Esse prêmio tem de ser acima do que os bancos pagam para os investimentos; se não for, eles vão preferir manter o dinheiro no banco.
Num exemplo hipotético, o empresário que investir R$ 1 em ônibus teria um retorno de R$ 0,14; ao aplicar em estradas, ficaria com R$ 0,07.
O economista Adriano Pires, do Centro Brasileiro de Infra Estrutura, considera "muito elevados" tanto o lucro quanto o retorno de 14%. "Como os juros caíram nos últimos anos, as taxas de retorno estão abaixo de 10%", diz.
Foi o que aconteceu com o sistema Anchieta-Imigrantes. A concessão de estrada em 1998 previa uma taxa de retorno de 18%; no começo deste ano, caiu para 9,2%.
Isso ocorreu no contrato de ônibus, mas em nível menor. Quando o contrato foi assinado em 2003, na gestão de Marta Suplicy, a taxa de retorno era de 18% e a taxa básica de juros estava em 14% ao ano. Atualmente, a taxa de retorno é 13% e a Selic, 7,5%.

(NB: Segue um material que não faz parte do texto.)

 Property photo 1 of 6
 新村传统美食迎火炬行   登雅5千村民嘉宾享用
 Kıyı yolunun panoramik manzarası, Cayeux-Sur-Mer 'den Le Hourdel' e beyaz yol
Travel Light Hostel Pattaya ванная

O prefeito Fernando Haddad diz que a cidade paga uma taxa de retorno alta por oferecer mais riscos com a sua dívida de R$ 53 bilhões.
    Planilha é uma caixa preta, diz especialista
    Para Carlos Henrique Carvalho, do Ipea, prefeituras não divulgam composição dos preços por medo de desgaste político
    Em São Paulo, o número de passageiros cresceu 16% entre 2005 e 2012 -- de 2,5 milhões para 2,9 milhões por ano
    MARIO CESAR CARVALHODE SÃO PAULOO engenheiro de transportes e pesquisador do Ipea (Instituto de Pesquisas Econômicas Aplicadas) Carlos Henrique Carvalho, um dos maiores especialistas em transporte urbano, concorda em uma coisa com o Movimento Passe Livre: as planilhas sobre custos da tarifa de ônibus são uma caixa preta.

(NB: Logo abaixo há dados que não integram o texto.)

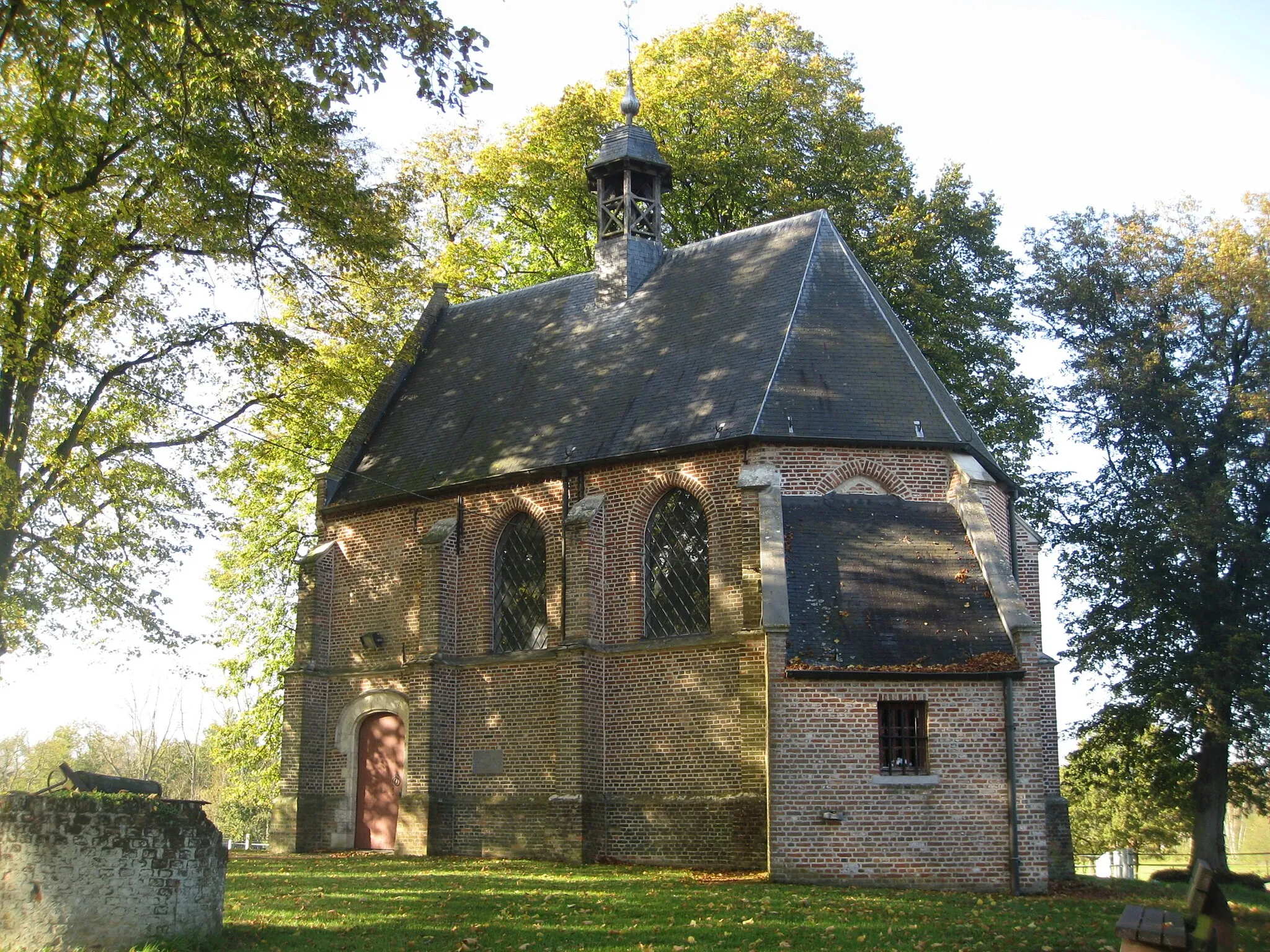 Photo showing: De Sint-Bavokapel is gesitueerd in de Trichelhoek in Eindhout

    "É uma caixa preta porque as prefeituras não divulgam os componentes da tarifa."
    A razão? "Medo de desgaste político". A remuneração das empresas, que é de 14% em São Paulo, incide sobre ônibus, garagem e equipamentos. Sobre os demais componentes da tarifa, como mão de obra e óleo diesel, a prefeitura paga os valores definidos na planilha.
    Segundo o engenheiro, São Paulo tem uma das taxas de retorno mais altas do país porque tem ônibus novos, com uma média de idade de cinco anos, e esse componente faz parte da tarifa.

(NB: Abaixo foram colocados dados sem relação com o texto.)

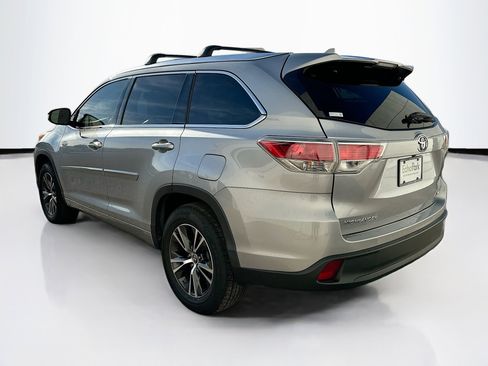 Used 2016 Toyota Highlander XLE image 5
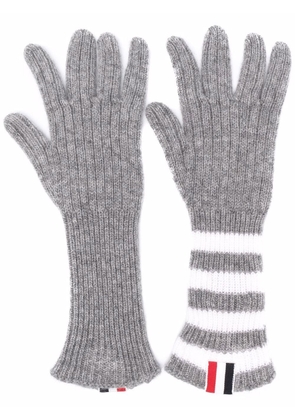 Thom Browne Kids RWB stripe-detail ribbed-knit cashmere gloves - Grey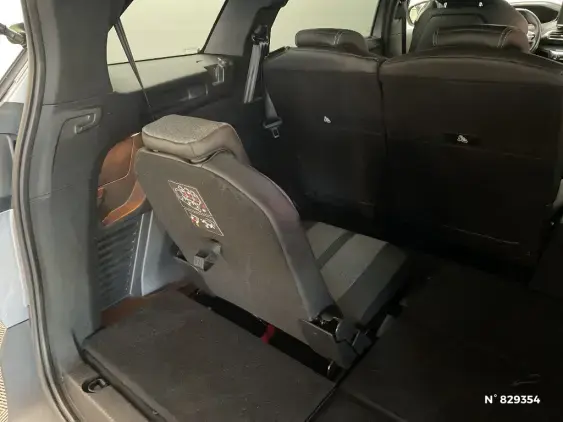 PEUGEOT 5008 II - voiture d'occasion - Photo 26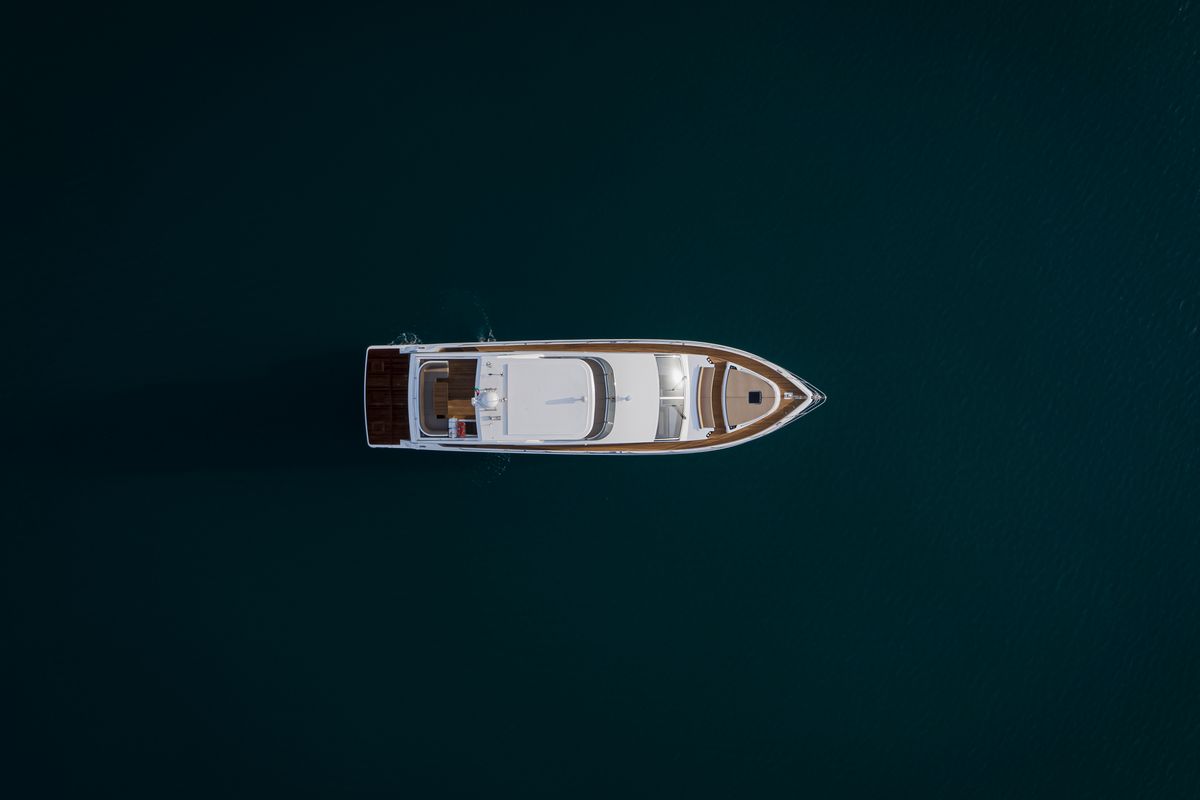 Majesty 62 yacht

    Quanto mais a frota é nova, mais a empresa recebe, como estímulo à renovação.
    Bráulio Borges, economista-chefe da LCA Consultores, diz que em tese não faz o menor sentido pagar uma taxa de retorno mais alta para concessão de ônibus do que para estradas.
    Para ele, a demanda por ônibus é mais ou menos constante, enquanto o uso de estradas sofre oscilações com o vai e vem da economia.
    Em São Paulo, o número de passageiros cresceu 16% entre 2005 e 2012 -- de 2,5 milhões para 2,9 milhões por ano. Só entre 2011 e 2012 houve uma pequena queda (0,81%), atribuída à inauguração de uma nova linha de Metrô, a de número 4.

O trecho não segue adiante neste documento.